Fri, 23 Aug 2019, 06:38 am UTC

“Fentanyl Skat” by Nils Wommelsdorf is licensed under CC BY 2.0 at https://www.flickr.com/photos/nilswommelsdorf/34268050184

The U.S. Treasury Department’s Office of Foreign Assets Control (OFAC) has blacklisted several digital currency addresses that allegedly belonged to three Chinese nationals suspected money laundering and drug smuggling.

OFAC identified Xiaobing Yan, Fujing Zheng, and Guanghua Zheng as narcotics trafficker under the Foreign Narcotics Kingpin Designation Act in a press release. The agency alleged that they have been running an international drug trafficking operation in the U.S.

As such, it has frozen all their U.S.-based assets and listed email aliases, citizen numbers, and passport information. Bitcoin addresses, including litecoin addresses, believed to be theirs were also added to the Department of Treasury’s Specially Designated Nationals (SDN) list.

The Chinese kingpins that OFAC designated today run an international drug trafficking operation that manufacturers and sells lethal narcotics, directly contributing to the crisis of opioid addiction, overdoses, and death in the United States,” Sigal Mandelkar, Treasury Under Secretary for Terrorism and Financial Intelligence, said.

The agency also named two Shanghai-based entities, Qinsheng Pharmaceutical Technology Co. Ltd. and the Zheng Drug Trafficking Organization.

[Fujing] Zheng and Yan have shipped hundreds of packages of synthetic opioids to the U.S., targeting customers through online and advertising and sales, and using commercial mail carriers to smuggle their drugs into the United States,” Mandelkar said.

OFAC has partnered with the Financial Crimes Enforcement Network (FinCEN) and local enforcement agencies. It also coordinated with the U.S. Attorney’s Offices for the Northern District of Ohio and Southern District of Mississippi, the Department of Justice’s Criminal Division, the Drug Enforcement Administration (DEA)’s Cleveland and Gulfport offices, and DEA’s Special Operations Divisions.
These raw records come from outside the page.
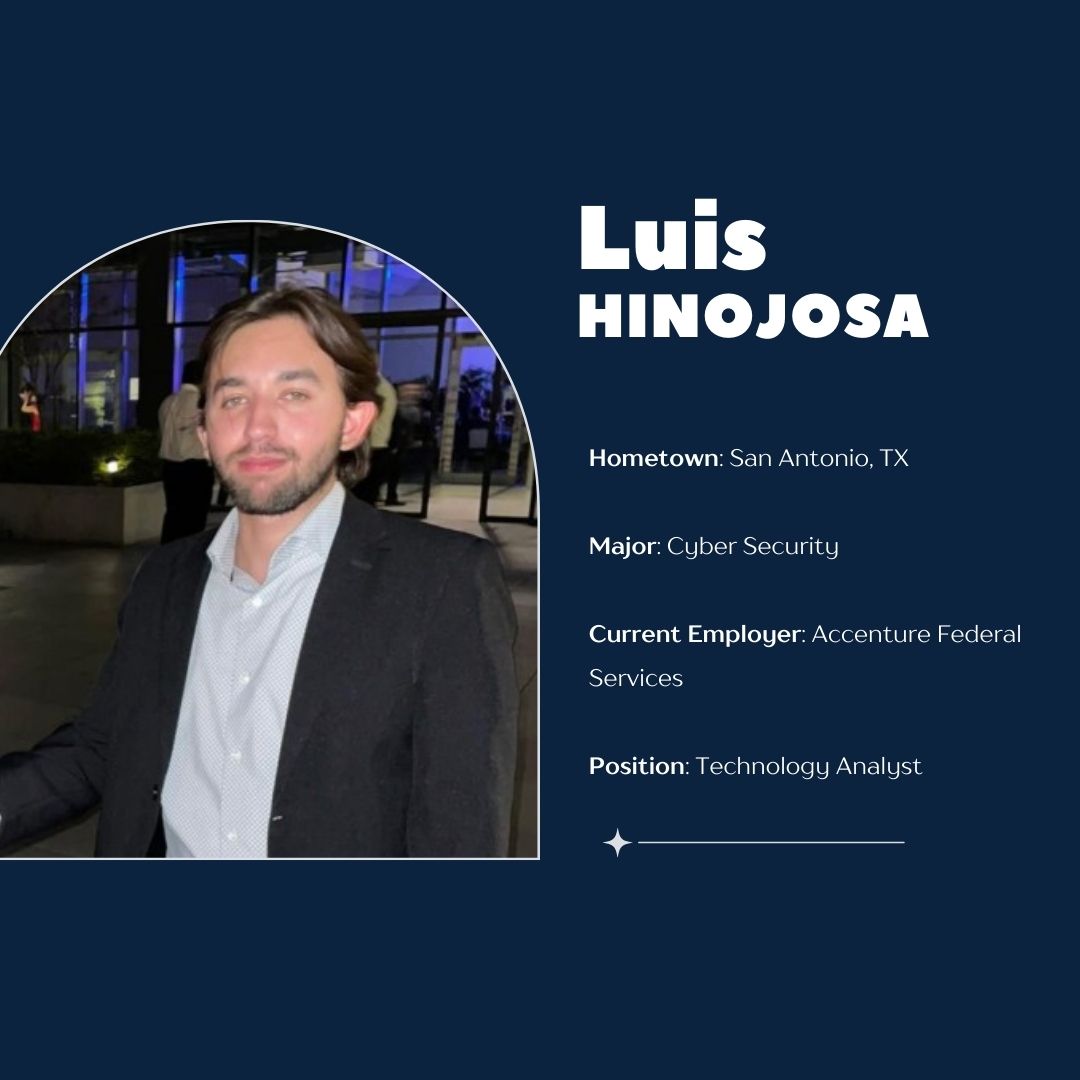 UTSACareer's tweet photo. This week’s 📷 alumni spotlight 📷 is Luis Hinojosa who graduated from UTSA in 2023 and currently works at Accenture!��#UTSA #UTSAcareer #UTSA25 #UTSA26 #UTSA278 https://t.co/ANyCutpil6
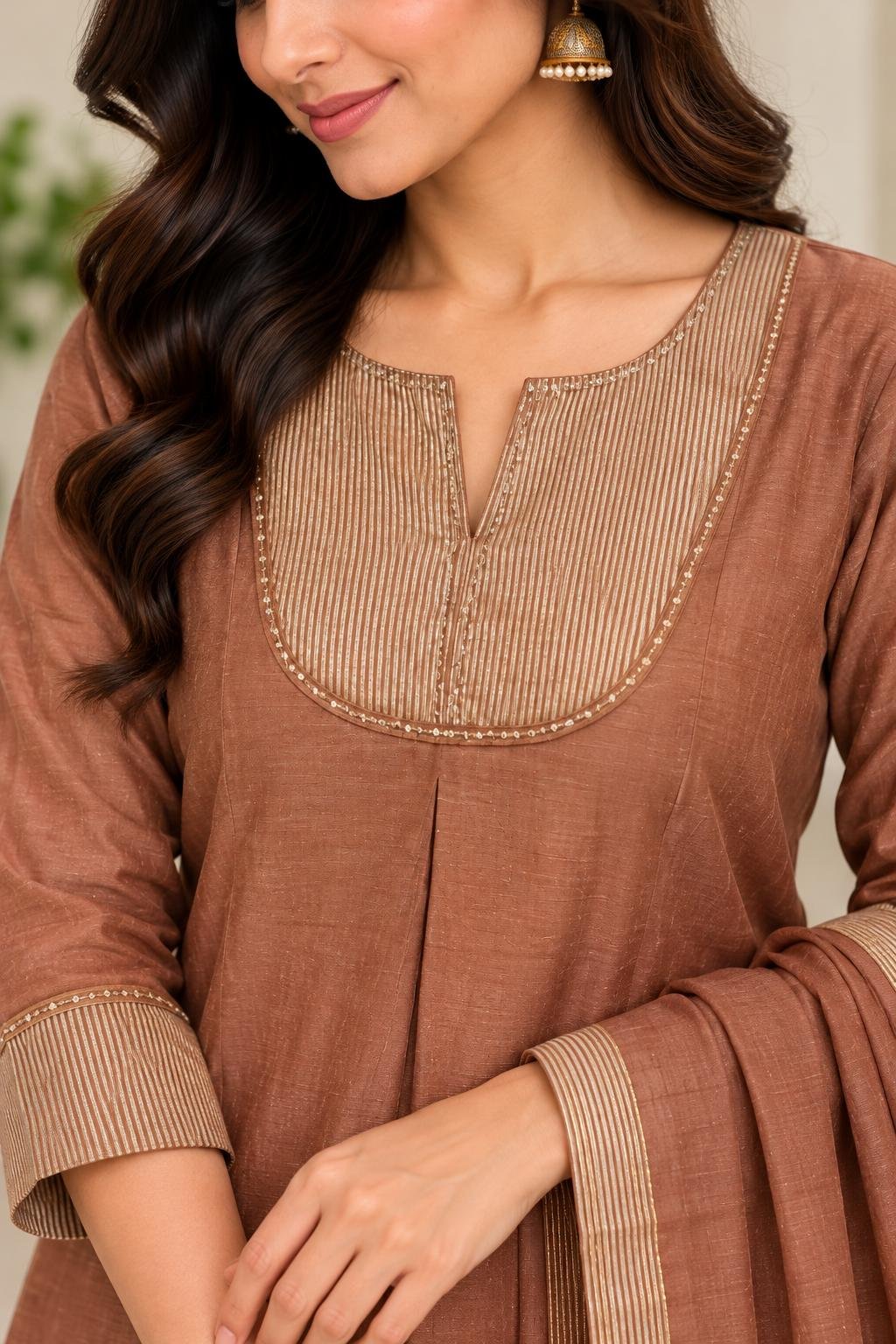 Premium Mulchanderi Anarkali Set – Antique Copper Brown thumbnail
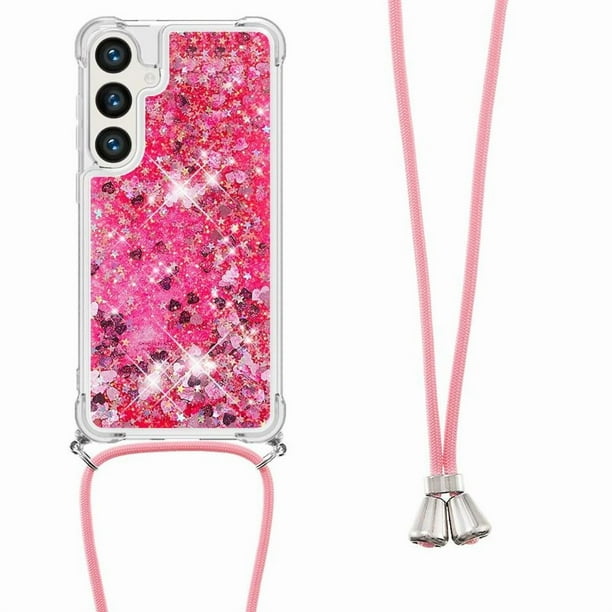 Funda FOXDOCK para Samsung Galaxy S24 Plus con Cuerda Ajustable, Brillo Líquido, Protección Antigolpes y Lente – Ideal para Regalo
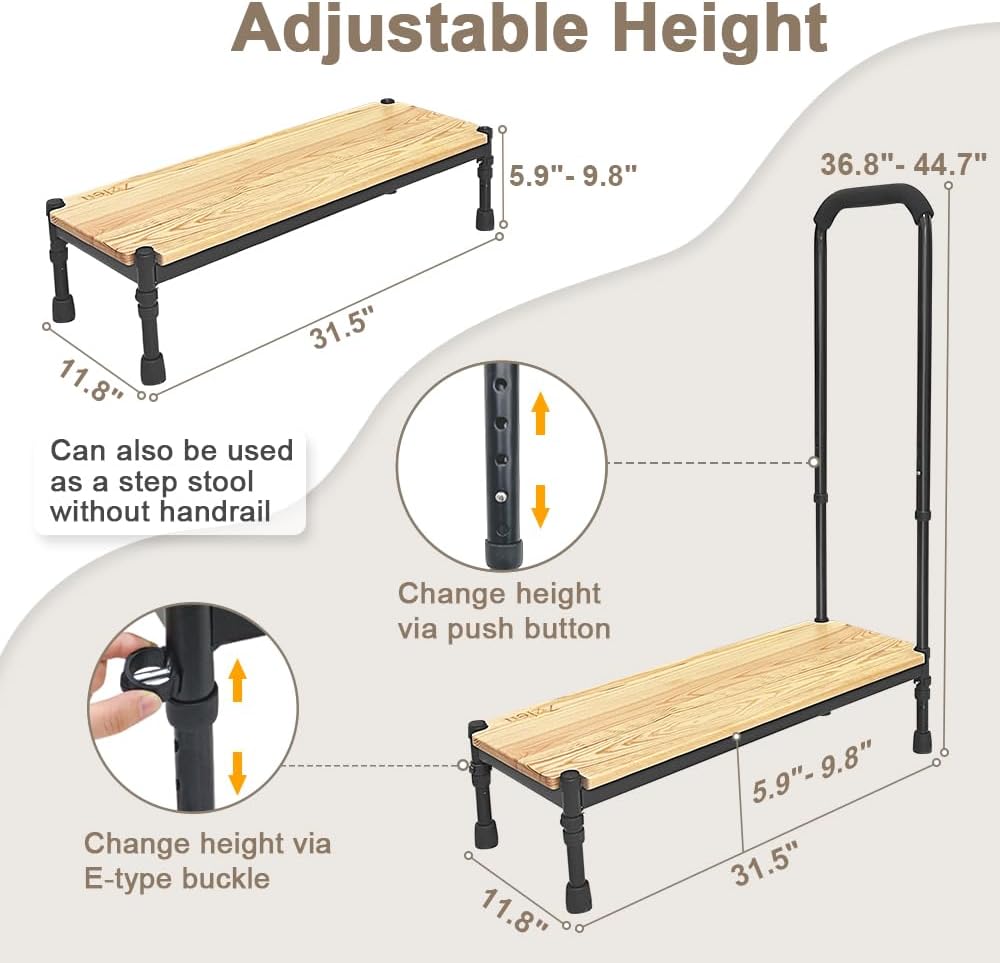 Zelen Bed Step Stool with Handle for Elderly Bedside Steps Stool Medical for High Beds Bedside Assist Rail Bed Grab Bar for Seniors Adjustable Height Handicap Steps Safety Foot Stool with Handrails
The U.S. government recently issued a series of advisories on Wednesday in a bid to strengthen the alertness of the private sector on fentanyl trafficking. The White House issued notices, including an advisory educating financial entities how to detect and report fentanyl-related transactions, and another alerting digital platforms to how distributors might use online marketing to lure customers.